Benchmarking and Auditing Your Building's Energy Usage Understanding the New Energy Laws

 Little by little, the world seems to be getting greener. As part of Mayor  Michael R. Bloomberg’s Greener, Greater Buildings Plan, new legislation has been passed that among  many other measures, requires all of the city’s private buildings of over 50,000 square feet to obtain benchmarking and energy  audits by a certain deadline. That includes most co-op and condo buildings.  

 “These laws may seem ominous at first because there is a cost to having these  studies done,” says Kate Grossman, chief operating officer of New York City-based Greenwich  Energy Solutions, “but they were designed to give you information that allows you to make cost  effective choices and save money. None of the laws force you to do anything—and that’s important for people to understand. Once people see the savings possibilities,  they will just want to do these things.”  

 Benchmarking

 The first law, known as Local Law 84, requires a benchmarking system to be  implemented so that the energy and water usages of individual buildings may be  analyzed and compared. Water benchmarking will only be required if the building  was equipped with automatic meter reading equipment by the New York City’s Department of Environmental Protection (DEP) for the previous year. Owners  must report results to the city’s Department of Finance, using the Office of Long Term Planning and  Sustainability (OLTPS) format, and they must maintain records for three years.  According to the law, benchmarking results must be reported no later than May  1, 2011, and every year thereafter.  

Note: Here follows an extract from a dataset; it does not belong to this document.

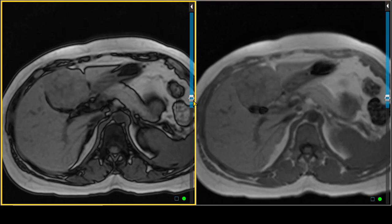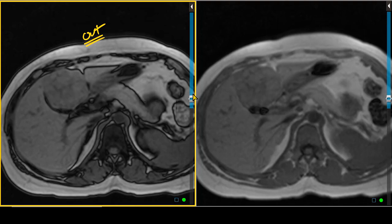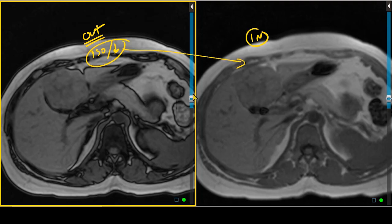The next set of sequences are the T1 in and out of phase images. On the out of phase image, the lesion is iso- to slightly hypo-intense with respect to liver parenchyma. Similarly, on the in-phase image, it looks iso- to slightly hypo-intense. There are no areas of diminished signal on the out of phase images to suggest fat within this lesion, and there is no increased susceptibility artifact on the in-phase images.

 Anyone can perform a benchmark on their own by using the EPA’s Portfolio Manager or any complementary interface designated by the OLTPS.  Training on benchmarking is also being provided by the Association for Energy  Affordability in the Bronx from through the end of January 2011.  

 “Benchmarking is done as a comparison to similar types of buildings,” says Phil Vos of Manhattan-based energy consultant Bright Power’s business development and marketing group. “That comparison is what allows us to say this building can theoretically be  functioning X amount or more efficiently.”